• **Assignment**:
Nothing outside the range below should be printed. Output exactly the lines from the line with "Tectake Bedframe met" to the line with "2 Layer Frankenstein's Monster Wooden Art", both included.
........
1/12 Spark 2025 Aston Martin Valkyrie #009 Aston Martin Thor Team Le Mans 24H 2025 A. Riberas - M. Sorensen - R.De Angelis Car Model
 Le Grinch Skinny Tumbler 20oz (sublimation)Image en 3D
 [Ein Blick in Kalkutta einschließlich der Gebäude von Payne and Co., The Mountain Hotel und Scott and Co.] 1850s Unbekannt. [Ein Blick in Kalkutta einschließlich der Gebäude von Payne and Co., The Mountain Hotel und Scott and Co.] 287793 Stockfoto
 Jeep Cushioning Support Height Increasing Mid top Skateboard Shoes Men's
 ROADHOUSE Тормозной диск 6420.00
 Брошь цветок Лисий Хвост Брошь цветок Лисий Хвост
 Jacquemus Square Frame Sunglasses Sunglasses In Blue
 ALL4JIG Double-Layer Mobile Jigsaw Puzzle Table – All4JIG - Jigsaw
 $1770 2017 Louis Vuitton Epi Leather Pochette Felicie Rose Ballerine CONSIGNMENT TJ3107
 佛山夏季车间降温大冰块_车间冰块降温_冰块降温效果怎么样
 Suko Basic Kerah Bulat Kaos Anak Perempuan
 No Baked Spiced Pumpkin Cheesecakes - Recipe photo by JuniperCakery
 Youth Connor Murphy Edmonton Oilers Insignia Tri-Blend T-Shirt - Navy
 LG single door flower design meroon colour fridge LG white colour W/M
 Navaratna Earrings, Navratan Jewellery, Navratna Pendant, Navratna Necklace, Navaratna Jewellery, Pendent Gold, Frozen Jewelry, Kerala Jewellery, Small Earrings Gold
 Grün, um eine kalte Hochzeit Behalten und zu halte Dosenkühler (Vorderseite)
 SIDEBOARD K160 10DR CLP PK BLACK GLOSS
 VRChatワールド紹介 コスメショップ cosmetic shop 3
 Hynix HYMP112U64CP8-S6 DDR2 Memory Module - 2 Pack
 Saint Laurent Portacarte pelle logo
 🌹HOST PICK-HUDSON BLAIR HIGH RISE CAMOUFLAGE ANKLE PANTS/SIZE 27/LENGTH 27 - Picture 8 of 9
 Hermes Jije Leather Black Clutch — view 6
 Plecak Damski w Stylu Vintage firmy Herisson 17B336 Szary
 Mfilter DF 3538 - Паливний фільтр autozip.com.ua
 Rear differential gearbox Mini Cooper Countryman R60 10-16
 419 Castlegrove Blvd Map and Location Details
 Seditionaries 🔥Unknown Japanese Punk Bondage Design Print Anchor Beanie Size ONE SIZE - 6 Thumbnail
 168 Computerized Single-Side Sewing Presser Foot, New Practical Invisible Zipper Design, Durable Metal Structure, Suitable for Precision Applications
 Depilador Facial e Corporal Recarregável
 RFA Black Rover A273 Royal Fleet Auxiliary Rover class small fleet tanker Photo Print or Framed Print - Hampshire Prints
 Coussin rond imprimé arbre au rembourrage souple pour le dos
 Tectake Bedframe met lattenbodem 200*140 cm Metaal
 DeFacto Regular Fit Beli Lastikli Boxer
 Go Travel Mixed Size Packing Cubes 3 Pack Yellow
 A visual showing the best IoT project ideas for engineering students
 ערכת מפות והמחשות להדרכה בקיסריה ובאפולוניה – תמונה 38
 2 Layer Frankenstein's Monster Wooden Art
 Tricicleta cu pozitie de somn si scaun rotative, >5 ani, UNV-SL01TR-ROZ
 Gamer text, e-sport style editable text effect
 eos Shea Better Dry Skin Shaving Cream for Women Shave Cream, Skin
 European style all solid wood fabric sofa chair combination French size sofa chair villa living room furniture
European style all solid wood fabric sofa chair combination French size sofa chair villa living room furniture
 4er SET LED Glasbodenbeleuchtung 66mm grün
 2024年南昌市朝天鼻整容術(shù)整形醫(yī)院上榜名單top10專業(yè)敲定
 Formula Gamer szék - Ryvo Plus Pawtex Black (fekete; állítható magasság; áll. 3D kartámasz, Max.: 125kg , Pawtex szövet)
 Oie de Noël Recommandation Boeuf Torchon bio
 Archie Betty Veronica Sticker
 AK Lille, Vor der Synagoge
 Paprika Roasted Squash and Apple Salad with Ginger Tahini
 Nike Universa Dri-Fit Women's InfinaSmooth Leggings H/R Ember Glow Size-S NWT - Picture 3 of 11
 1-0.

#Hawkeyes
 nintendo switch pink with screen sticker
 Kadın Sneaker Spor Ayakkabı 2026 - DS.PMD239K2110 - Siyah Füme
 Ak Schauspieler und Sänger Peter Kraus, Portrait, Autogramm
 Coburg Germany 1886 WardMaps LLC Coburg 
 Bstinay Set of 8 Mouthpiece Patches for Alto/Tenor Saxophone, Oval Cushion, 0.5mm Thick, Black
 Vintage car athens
........
• **Task response**:
 Tectake Bedframe met lattenbodem 200*140 cm Metaal
 DeFacto Regular Fit Beli Lastikli Boxer
 Go Travel Mixed Size Packing Cubes 3 Pack Yellow
 A visual showing the best IoT project ideas for engineering students
 ערכת מפות והמחשות להדרכה בקיסריה ובאפולוניה – תמונה 38
 2 Layer Frankenstein's Monster Wooden Art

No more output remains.